§ Data supplied
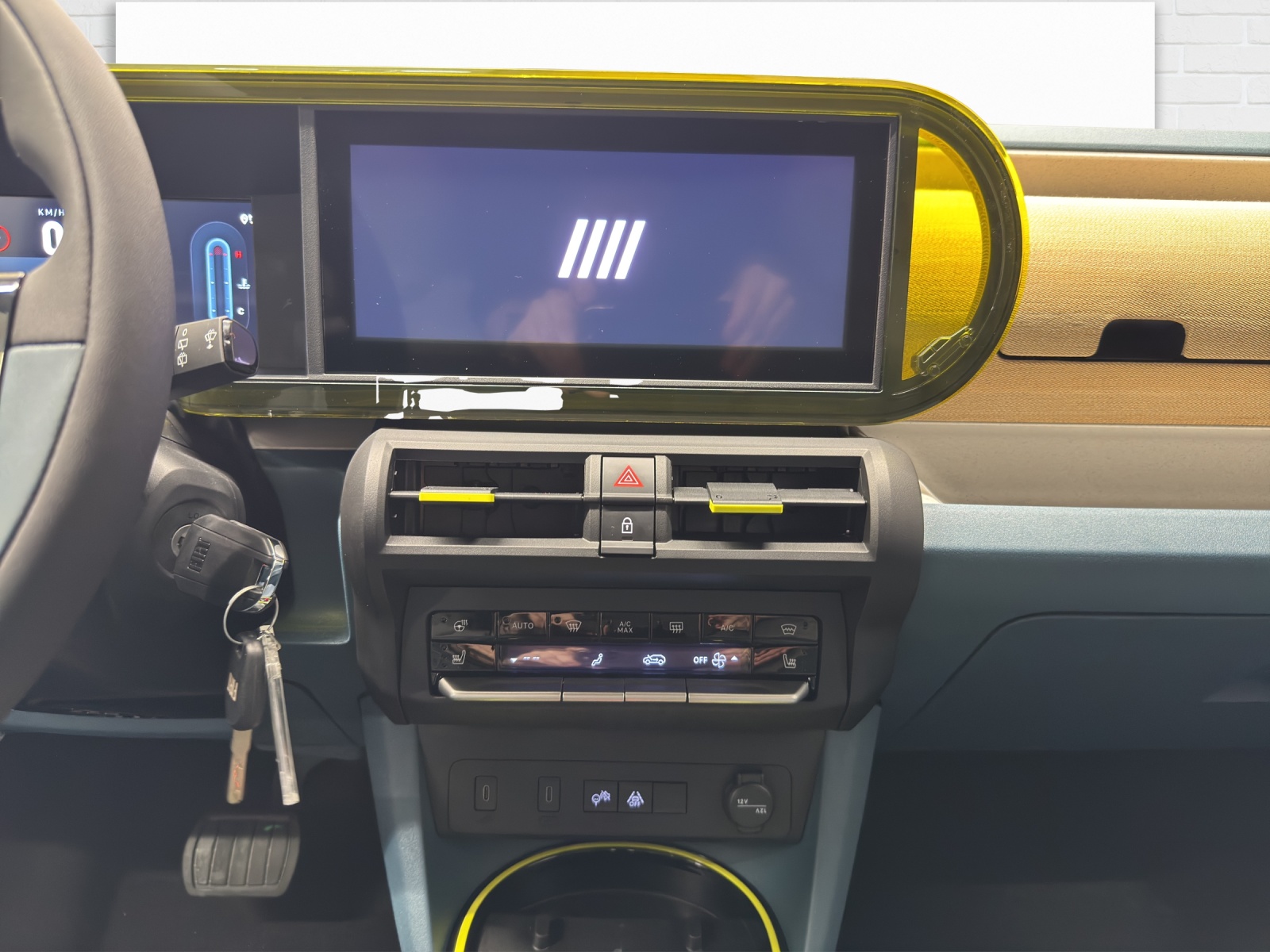 FIAT Grande Panda 1.2 Hybrid La Prima-image-8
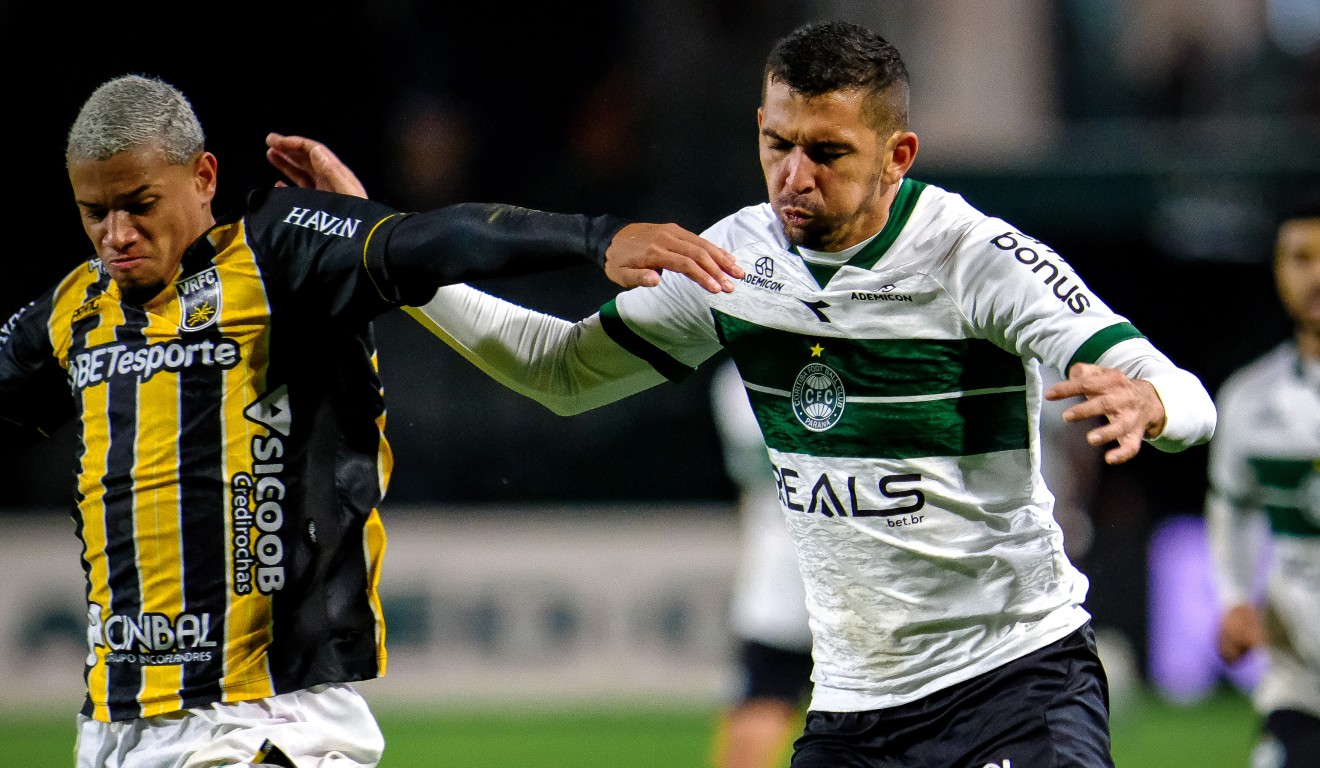 Bruno Melo em Coritiba x Volta Redonda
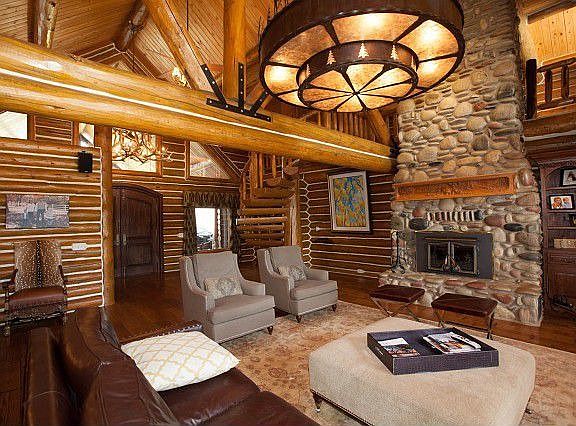 Kitchen has exceptional granite counter tops  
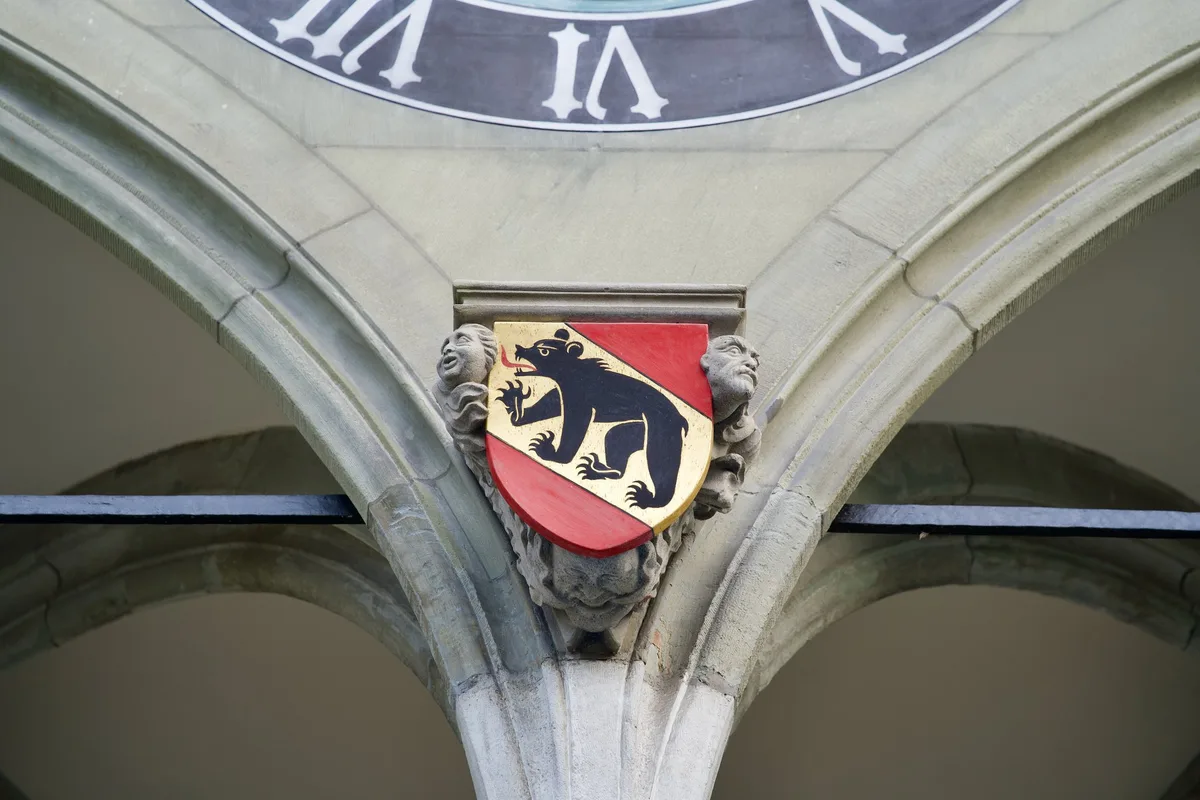 shutterstock_1923775763 Tierische Kantons- und Gemeindewappen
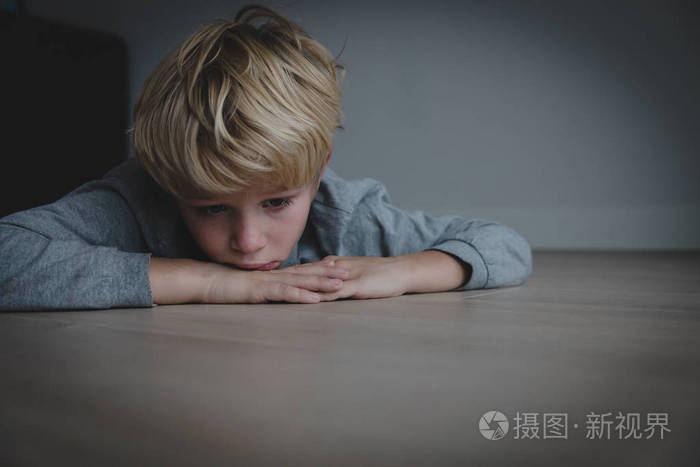 悲伤的紧张疲惫的孩子在家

§ What to do
Pictures must be left out. Return verbatim only the lines from the line with "Kitchen has exceptional" through the final line of the material above, including both ends.

§ Task response
 Kitchen has exceptional granite counter tops  
 shutterstock_1923775763 Tierische Kantons- und Gemeindewappen
 悲伤的紧张疲惫的孩子在家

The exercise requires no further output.